◆ **Problem to work on**: Without any pictures, retype exactly the lines that begin at the one holding "Elf Warrior //" and end at the last line of the data below.

◆ **Dataset section**:
----

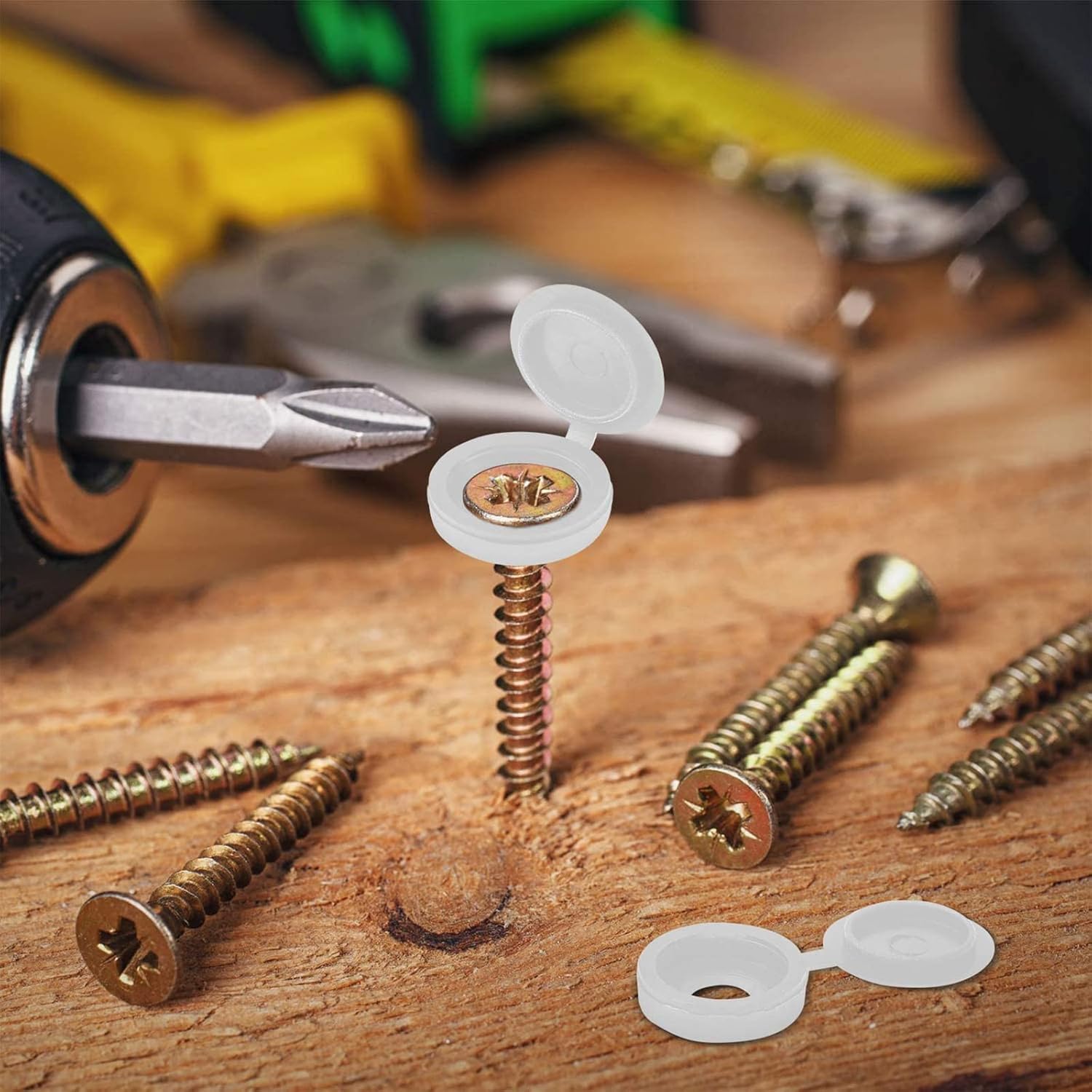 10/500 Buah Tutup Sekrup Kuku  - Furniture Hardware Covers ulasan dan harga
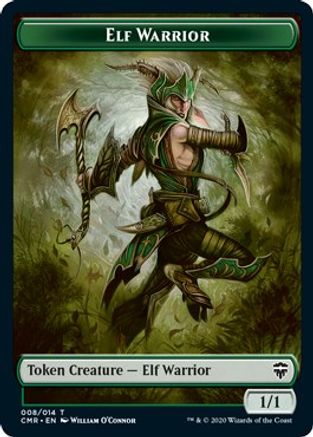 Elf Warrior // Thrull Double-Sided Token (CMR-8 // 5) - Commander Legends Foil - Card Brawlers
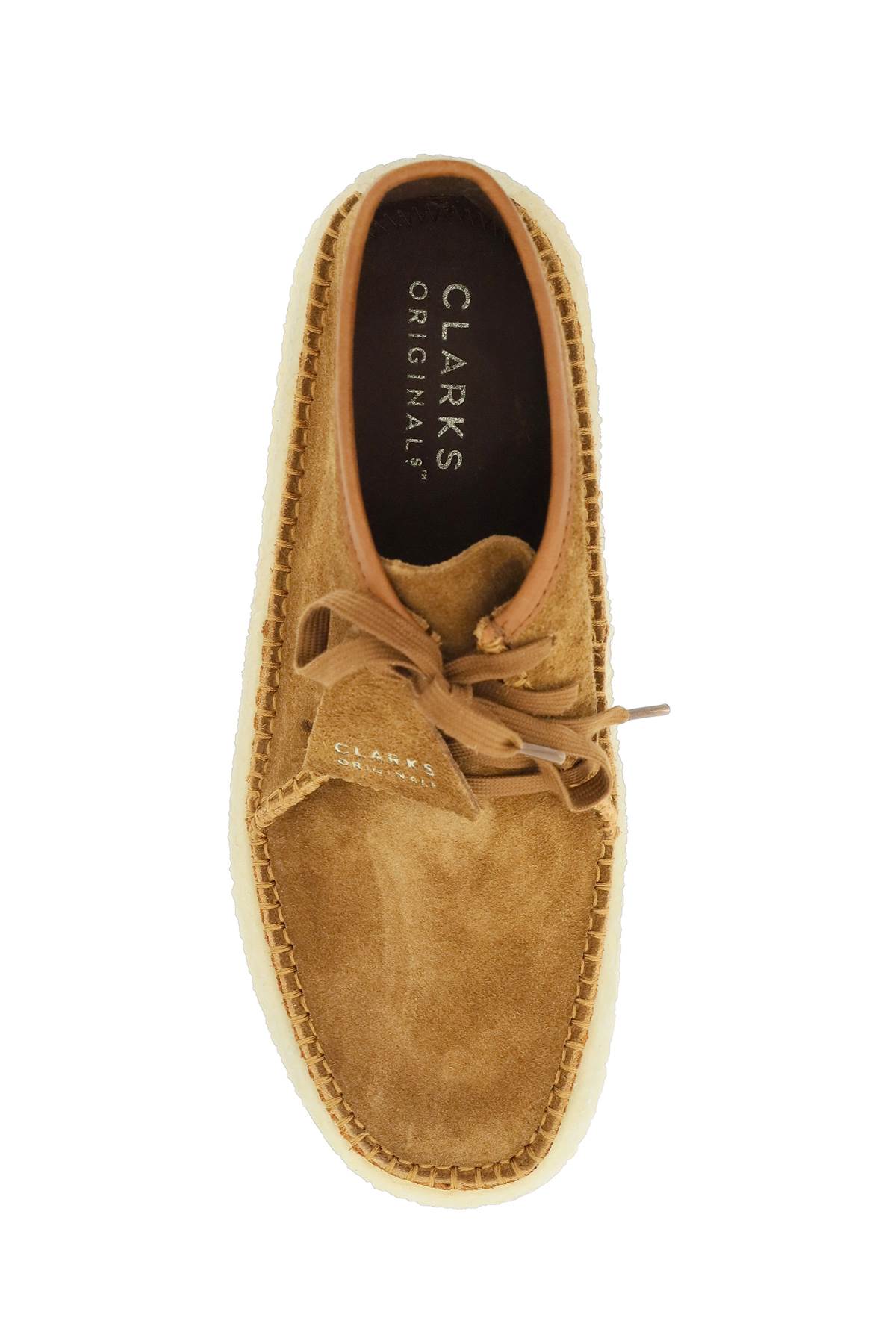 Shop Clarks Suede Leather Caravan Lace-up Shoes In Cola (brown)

----

◆ **Reply**:
 Elf Warrior // Thrull Double-Sided Token (CMR-8 // 5) - Commander Legends Foil - Card Brawlers
 Shop Clarks Suede Leather Caravan Lace-up Shoes In Cola (brown)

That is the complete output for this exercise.